If you've configured a node to use a report server, it will forward any reports - often more useful than what appears on-screen on the node - to that report server. It's worth querying the server to see what's up.
This'll become a full chapter at some point, but keep in mind the Enable-DscDebug and Disable-DscDebug commands. These enable debugging of DSC resource modules, which enables you to force resources to "break" into debug mode when the consistency check runs them. This is a neat way to "step through" the resource module's code and see what's happening. You'll usually add the -BreakAll parameter when enabling; see the command's documentation for more information.
Normally, running Stop-DscConfiguration -Force (and of course adding the right computer name) will get a computer's LCM to stop processing. But the LCM, today, is a single-threaded process, and if it's gone off the deep end - usually the result of a resource module going off and doing some long-running task, improperly expecting interactive input, or something else - then the LCM might not respond to your stop request. In that case, try this on the offending node:
Remove-Item $env:systemRoot/system32/configuration/pending.mof -Force
Get-Process *wmi* | Stop-Process -Force
Restart-Service winrm -Force
This will remove the MOF that the LCM would have processed on its next run; you may also need to delete current.mof and backup.mof from the same location. You can also try running Remove-DscConfiguration, which does essentially the same thing.
The second bit - stopping the WMI service and restarting Windows Remote Management (WinRM) - can be useful, especially on older systems.

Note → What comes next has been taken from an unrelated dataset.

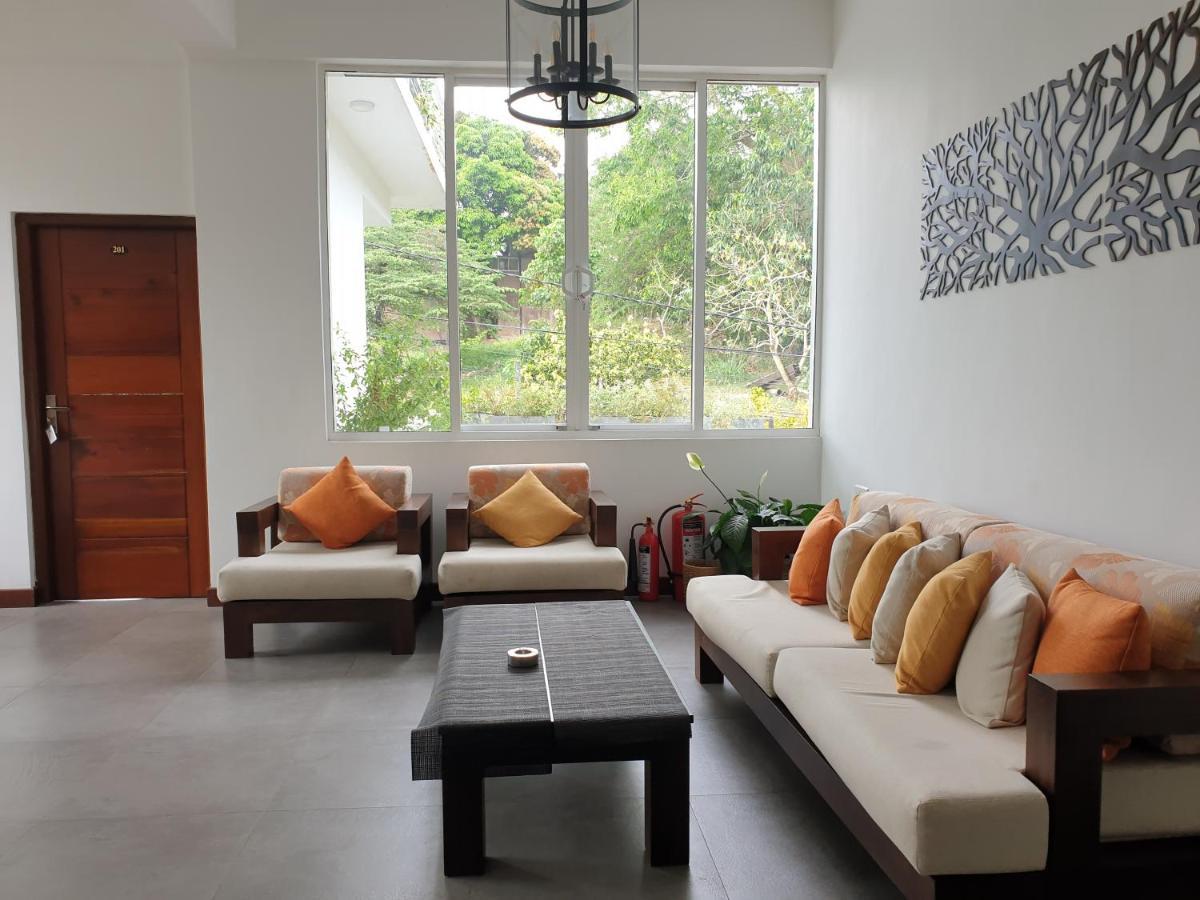 Hillcrest Villa 페라데니야 외부 사진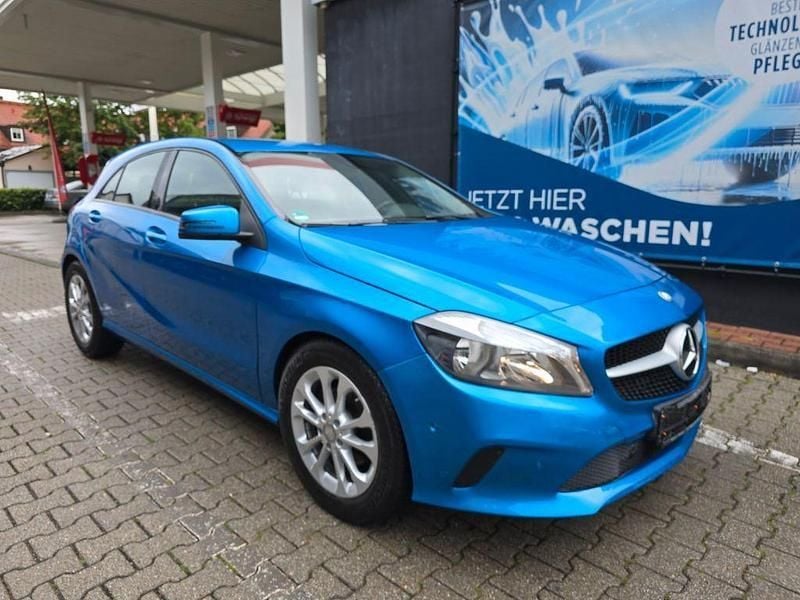 Blau Gebraucht 2015 Mercedes A200 Limousine | 12.950 € (Superpreis) - Bild 1/4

Everything in DSC actually runs out of Windows Management Instrumentation (WMI), and in cases where it's the underlying WMI service holding things up, killing the process can get the LCM to unstick. You may need to restart the WMI service manually after doing this (or reboot the node). Similarly, because DSC uses WinRM to communicate, sometimes it's those communications that hang things up. Restarting WinRM (or killing the process and then starting the service) can unstick things. Thanks to Peter Burkholder for suggesting this section!